The three Latin American countries along with three from Eastern Europe -- Bulgaria, Croatia, and Romania -- will be scrutinized by more than 20 committees to assess whether the candidate states are “aligned with the standards, policies and practices” of the OECD, the Paris-based organization said in a statement.
“Candidate countries will be able to use the accession process to promote further reforms for the benefit of their people, while also strengthening the OECD as a like-minded community committed to a rules-based international order,” said OECD Secretary-General Mathias Cormann.
Currently, the OECD comprises 34 countries from Europe, North America, the Pacific Rim and Latin America, representing almost two-thirds of global economic output. As these nations must comply with international standards and reviews, they are seen as having the greatest potential to attract foreign investment.

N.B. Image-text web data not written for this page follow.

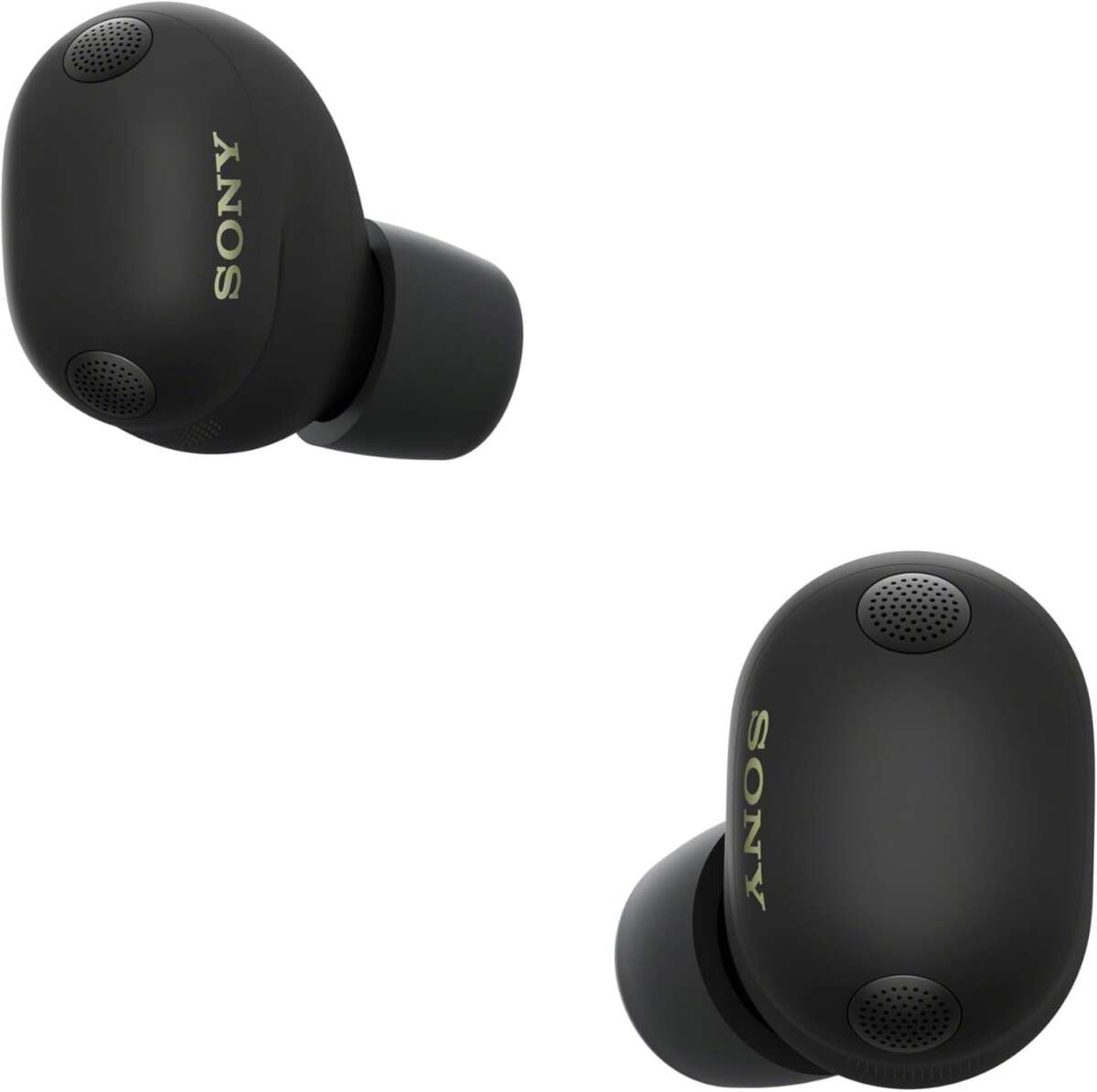 What Are The Best Sound Cancelling Headphones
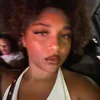 prettygyal.r.y.e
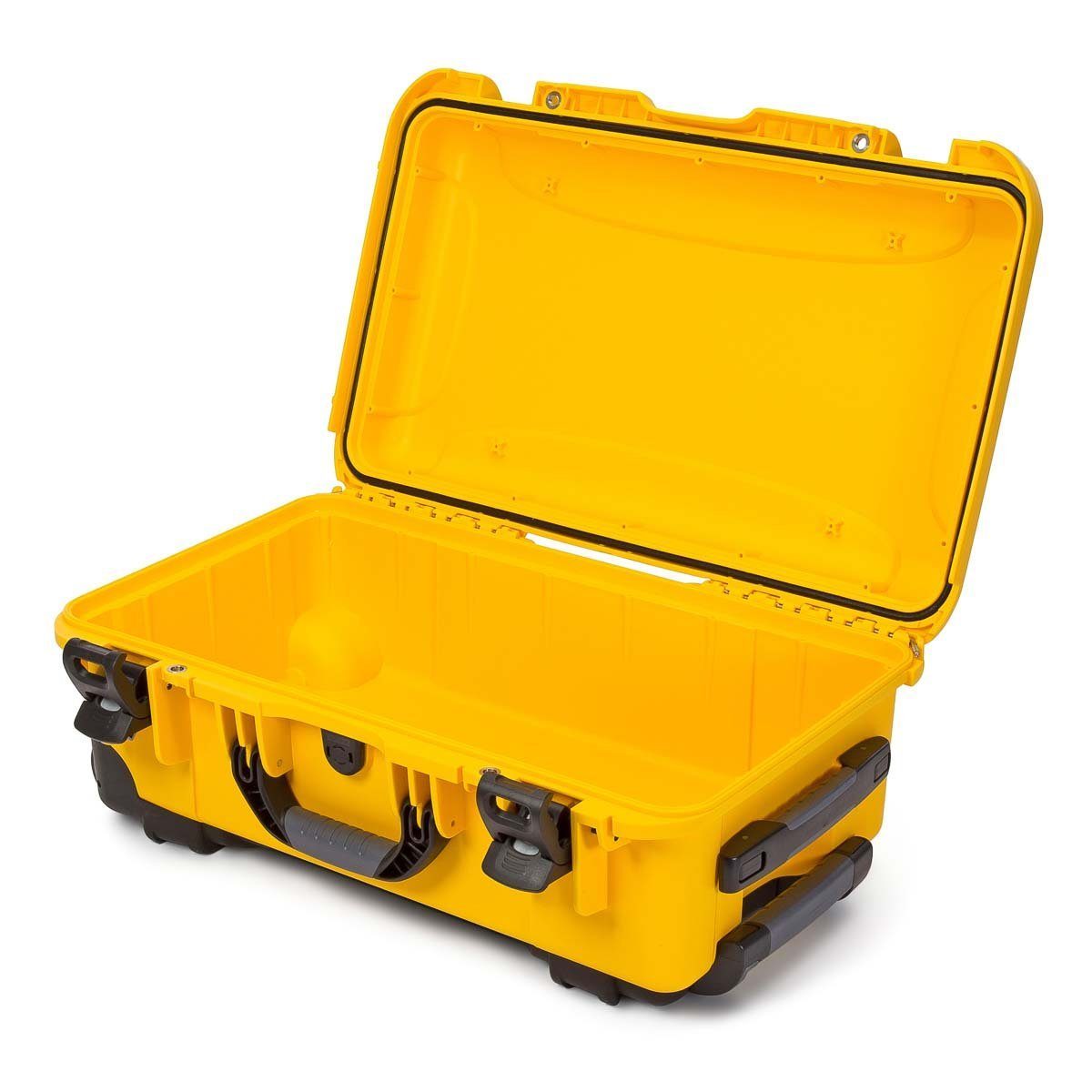 NANUK 935 Empty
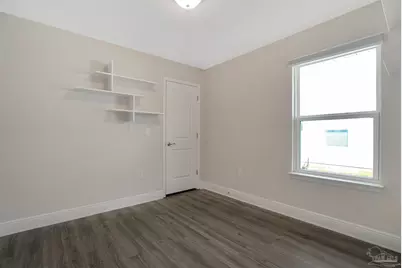 152 Polo Terrace, Pensacola, FL 32534 - Photo 11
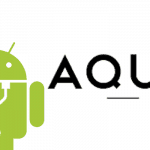 Aqua Mobile 3G 512 USB Driver
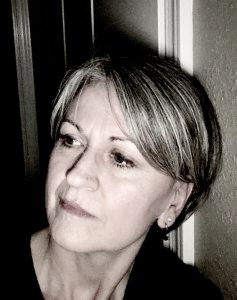 Photo de profil de Mali Piottin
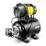   KARCHER BP 5 Home 1.645-370.0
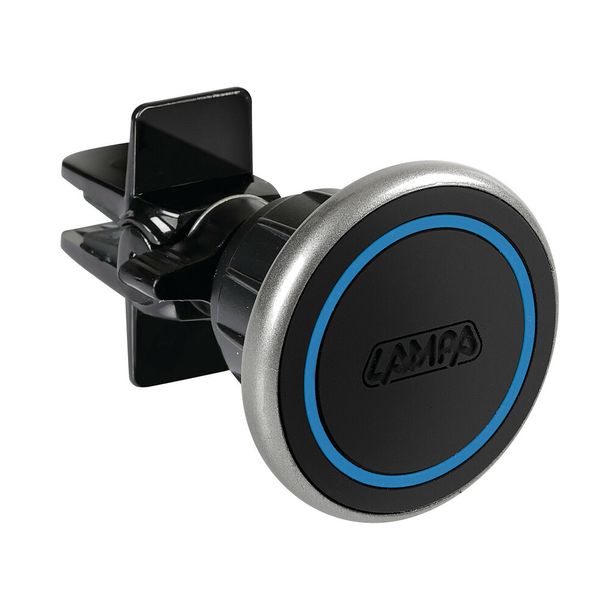 Magneto Plus, soporte telefónico magnético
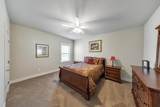 504 Taymack Farm Court - Photo 43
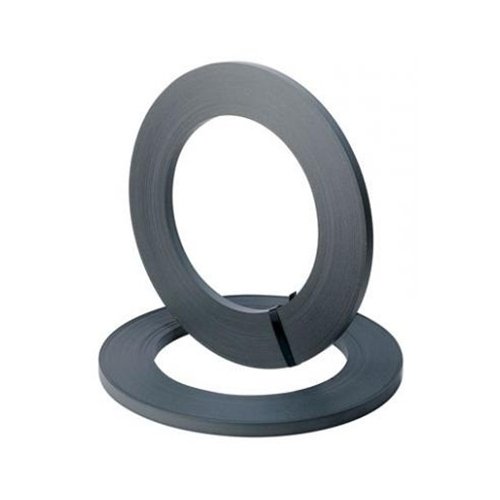 Ribbon Wound Steel Strapping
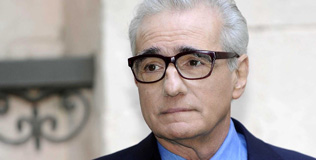 scorsese_martin_280810_316.bin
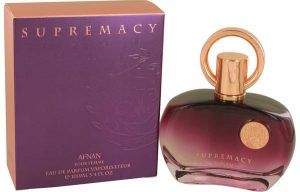 Supremacy Pour Femme Perfume, de Afnan · Perfume de Mujer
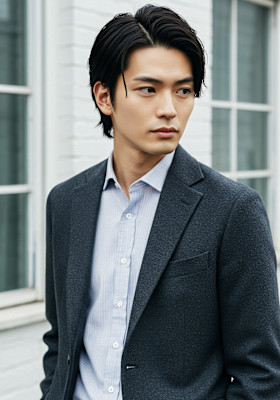 arts 町田【アーツ】×スタイル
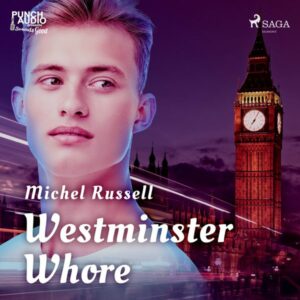 Westminster Whore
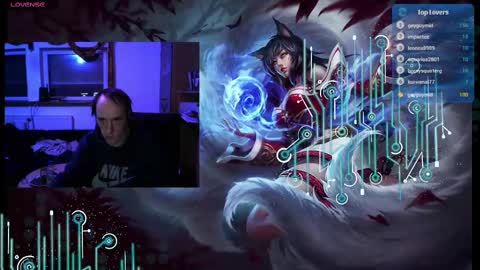 Snapshot of cblover88_ chatting on 01-26-25, 07:41 Call me however u like online show from 01-26-25, 07:41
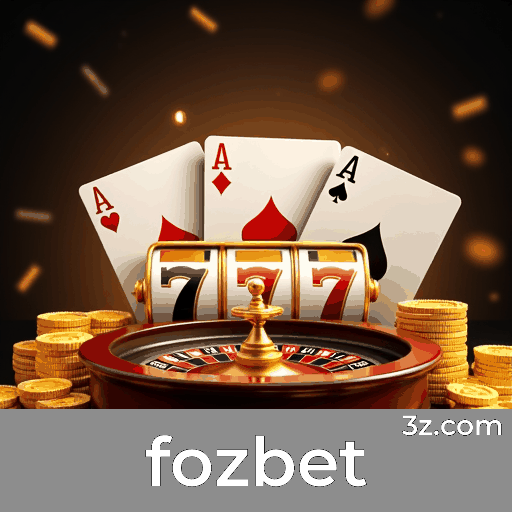 Desbloqueie Ofertas Exclusivas na Fozbet!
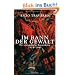 Im Bann der Gewalt: Der europ�ische B�rgerkrieg 1914 - 1945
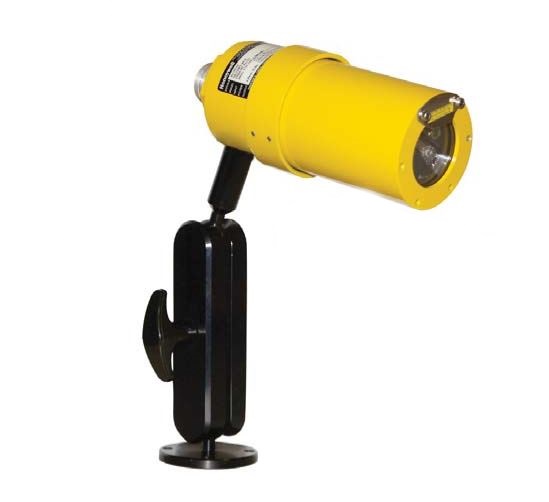 FD-HA-UV/IRS-A-X by HONEYWELL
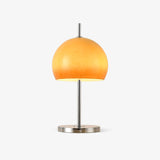 Lámpara de sobremesa Mushroom Bauhaus
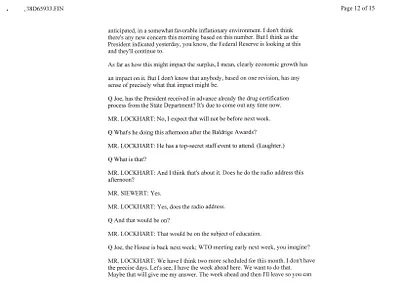 p. 35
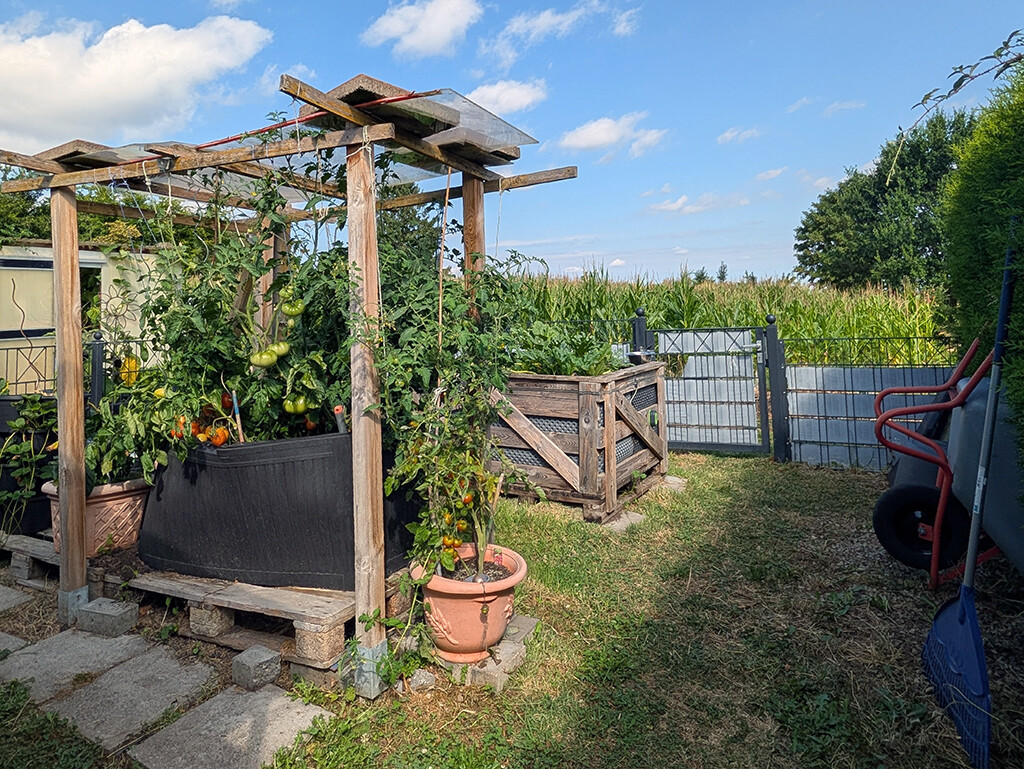 Immobilienbild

Brazil’s bid for membership hit a patch of turbulence in 2020 when former Justice Minister Sergio Moro’s allegations that President Jair Bolsonaro had tried to intervene with federal police came to the attention of Drago Kos, chairman of the OECD’s anti-bribery group. He urged Brazilian officials to investigate, adding that “we have to be absolutely sure that Brazil is not going backward.”
Chile and Mexico are currently Latin America’s sole members of the OECD.